When Lesley assumes Nicola is having an affair with Paul's boyfriend Ivan Jones (Daniel Brocklebank), Rodney takes Nicola's side. But when it emerges that Nicola has been trying to seduce Ivan, Rodney feels guilty and his relationship with Paul suffers. He and Paul eventually reconcile and Rodney later takes over planning Paul's wedding to Jonny Foster (Richard Grieve). Rodney loses both his house and antiques business due to owing a large amount of money to the Inland Revenue. He undertakes a variety of jobs, including a solar panel salesman and window cleaner. He finds permanent employment at Home Farm, working for the King brothers, Matthew King (Matt Healy), Jimmy King (Nick Miles) and Carl King (Tom Lister). When Nicola returns to the village after eighteen months, Rodney moves in with her after Paul forces him to choose between them. Rodney soon mends his relationship with Paul and works with Val to plan the stag do and reception for their son's civil partnership. Rodney rents Mill Brook Cottage from the Kings, agreeing to live with his daughter as long as she pays half the rent. When he discovers that Nicola has sold his "Rollercoaster Rod" stories to a publisher, claiming to have written them herself, Rodney throws her out.

When Bernice and Ashley's daughter Gabby Thomas (Annelise Manojlovic) feels alone, she begins spending time with Rodney. Val tells Paul that Rodney has a serious heart condition to make him stay in the village when he considers moving to Australia with Jonny. Rodney has an affair with the married Pam Montclare (Catherine Rabett). When Paul and Diane tell him to end the affair because of his heart condition, Pam leaves, not wanting to get involved. Rodney tells Paul and Diane that he is fine, and he later accompanies Paul to the airport. Laurel tells Rodney that Nicola is pregnant and he urges her to keep the baby, but Nicola tells him that he had been a bad father to her and she does not want to put her own baby through a bad experience. She eventually keeps the baby and Rodney lets her move her back into his home. Rodney gets a job at Emmerdale Haulage after he strikes a deal with Carl in which he takes Carl's driving points in exchange for £500 and a job.

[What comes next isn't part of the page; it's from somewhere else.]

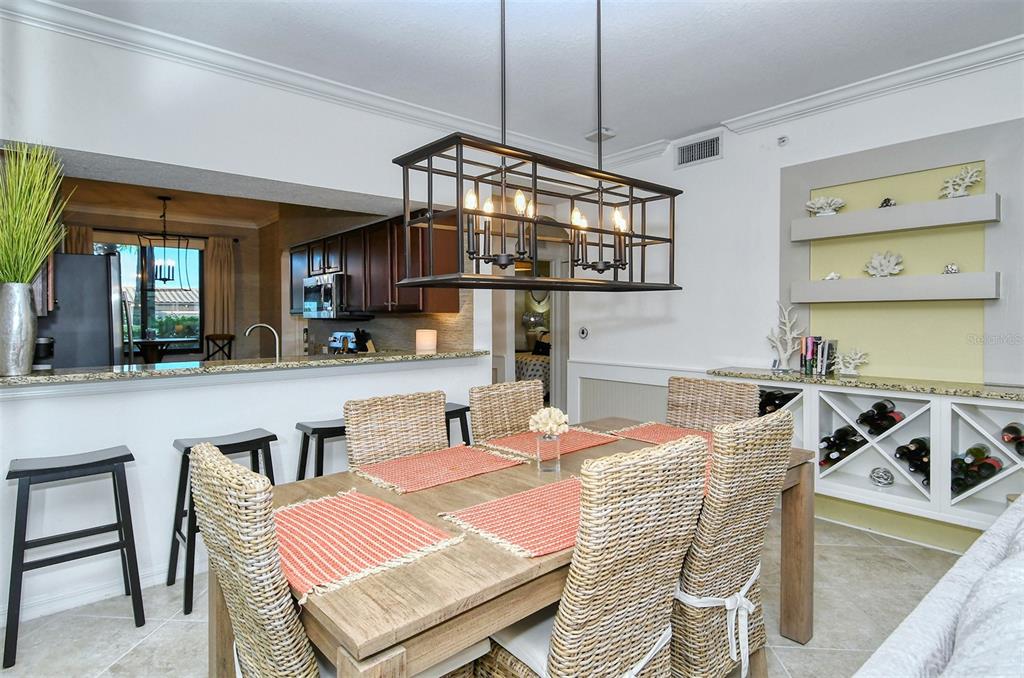Image 20 of 63 For 16706 Vardon Terrace 105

Rodney becomes a male escort and does not tell his girlfriend Georgia Sharma (Trudie Goodwin). While he is on a date with a woman, Georgia's ex-husband Rishi Sharma (Bhasker Patel) finds them together. Rodney asks Rishi to keep it a secret. He continues to enjoy his escort career, until one night in The Woolpack, Georgia's friends from tennis arrive for drinks and Rodney is shocked to see that one of the tennis friends, Veronica (Nicole Faraday), has met him before when he accompanied her to a formal party. Veronica tells Georgia the truth and they break up. Rodney is devastated, however, with the help of Bob Hope (Tony Audenshaw), Georgia takes him back and agrees to let him continue his career as an escort, due to the money he earns. Other residents soon find out about his new job, including Jimmy and Bernice, who disapproves. Rodney meets up with Veronica once more to take her out, but she insists that they stay home instead and cooks him a meal. She tries to seduce him but he refuses. On Rodney's next date, he is asked to make a woman's husband jealous. But when the husband confronts Rodney, he blames Val's husband Eric Pollard (Chris Chittell), which results in Eric getting punched in front of Val. Eric and Val decide to get revenge on Rodney by scaring him while he is alone at the B&B one evening.

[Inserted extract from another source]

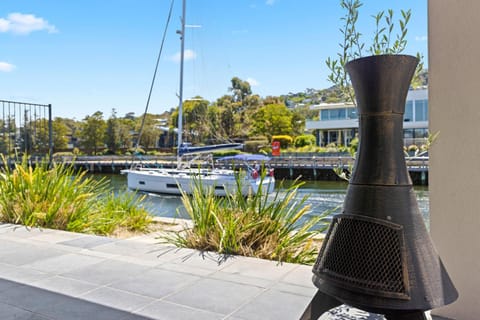 The Cove - Luxury Waterfront Accommodation House in Dromana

Val discovers that she has HIV and she tells everybody in The Woolpack, including Rodney. By this time, Eric and Val have broken up due to Eric's concerns about HIV, but they reconcile and Eric decides to take part in a sponsored skydive. Eric torments Rodney over not doing it, so Rodney signs up. However, on the day of the dive, Eric feels that he cannot go through with it. Rodney tells Eric that his relationship with Val is worth fighting for and Eric, startled at Rodney's support, tells him that it is the nicest thing he has ever said to him. Rodney opposes Bernice's casual relationship with farmhand Andy Sugden (Kelvin Fletcher) due to their age difference.

==Reception==
The character was selected as one of the "top 100 British soap characters" by industry experts for a poll to be run by What's on TV, with readers able to vote for their favourite character to discover "Who is Soap's greatest Legend?"